(Stored items)
============
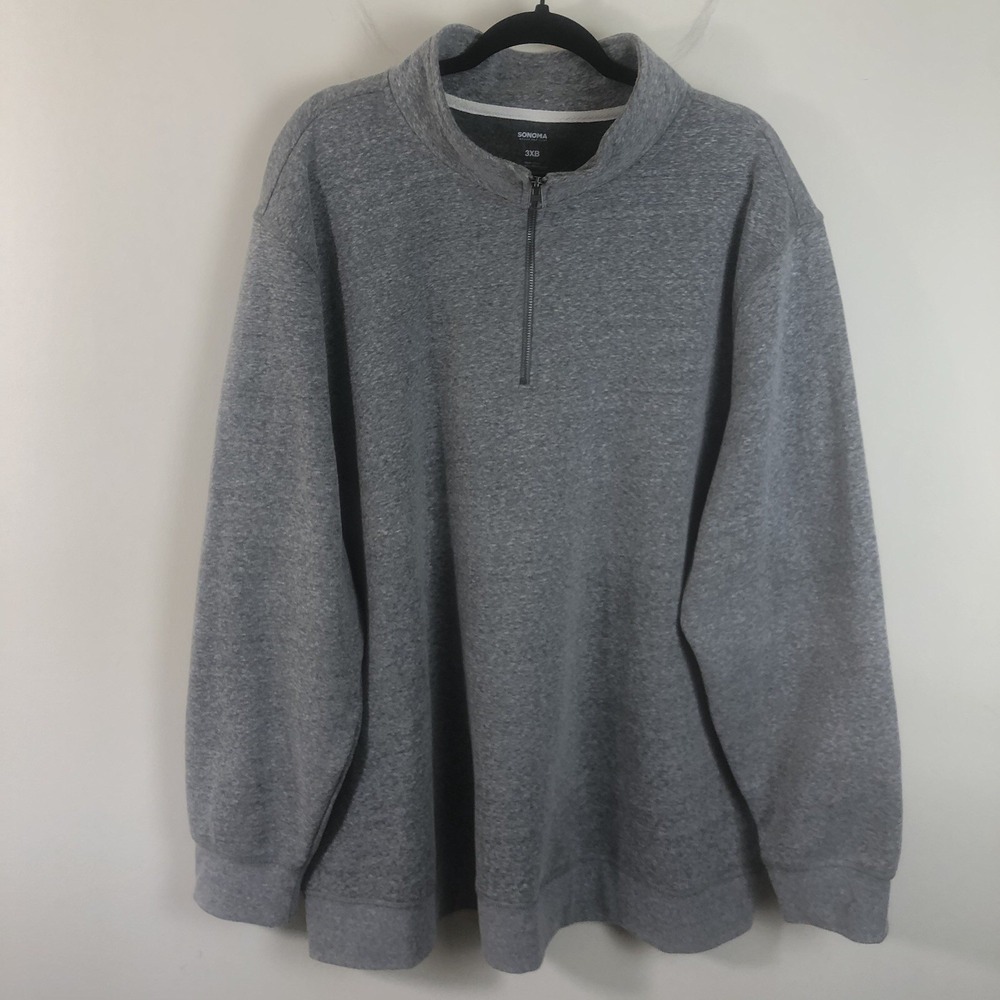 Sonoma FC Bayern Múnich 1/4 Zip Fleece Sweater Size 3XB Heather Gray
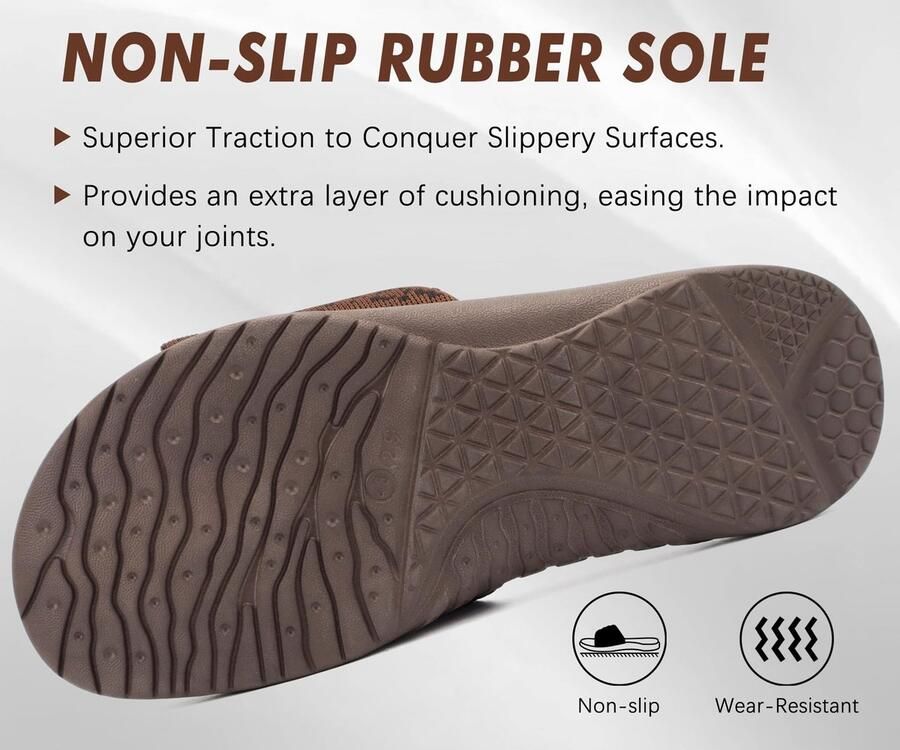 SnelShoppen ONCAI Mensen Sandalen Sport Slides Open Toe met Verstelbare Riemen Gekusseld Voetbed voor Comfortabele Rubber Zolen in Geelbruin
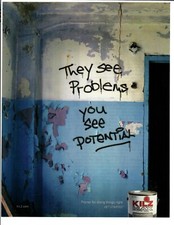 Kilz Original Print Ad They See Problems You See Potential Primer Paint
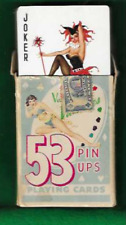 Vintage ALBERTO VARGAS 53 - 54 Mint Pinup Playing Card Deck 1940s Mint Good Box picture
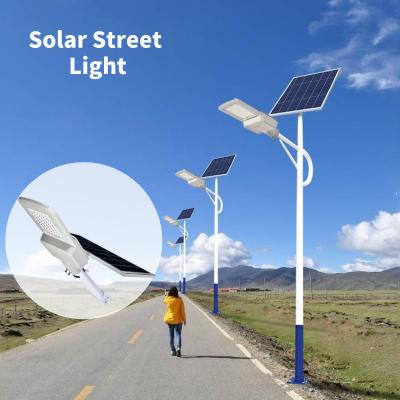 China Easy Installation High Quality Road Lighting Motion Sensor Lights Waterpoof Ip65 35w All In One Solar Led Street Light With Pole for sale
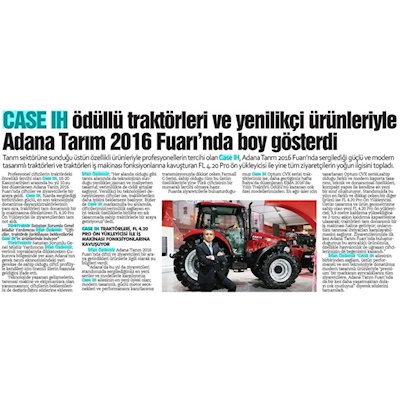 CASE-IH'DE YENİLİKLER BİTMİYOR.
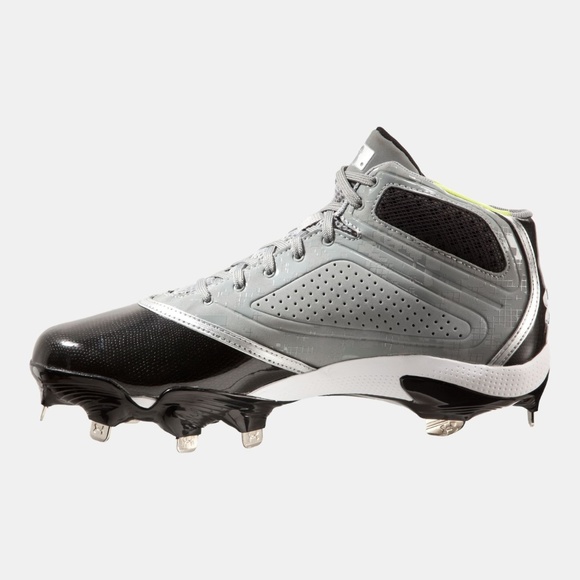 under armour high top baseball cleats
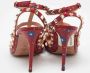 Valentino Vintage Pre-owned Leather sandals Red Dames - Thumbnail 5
============
▶ [Task goal]: The expected answer is an exact copy of the lines from the one containing "China Easy Installation" through the last line of the entries above, both included, without pictures.

▶ [Answer for this exercise]:
 China Easy Installation High Quality Road Lighting Motion Sensor Lights Waterpoof Ip65 35w All In One Solar Led Street Light With Pole for sale
 CASE-IH'DE YENİLİKLER BİTMİYOR.
 under armour high top baseball cleats
 Valentino Vintage Pre-owned Leather sandals Red Dames - Thumbnail 5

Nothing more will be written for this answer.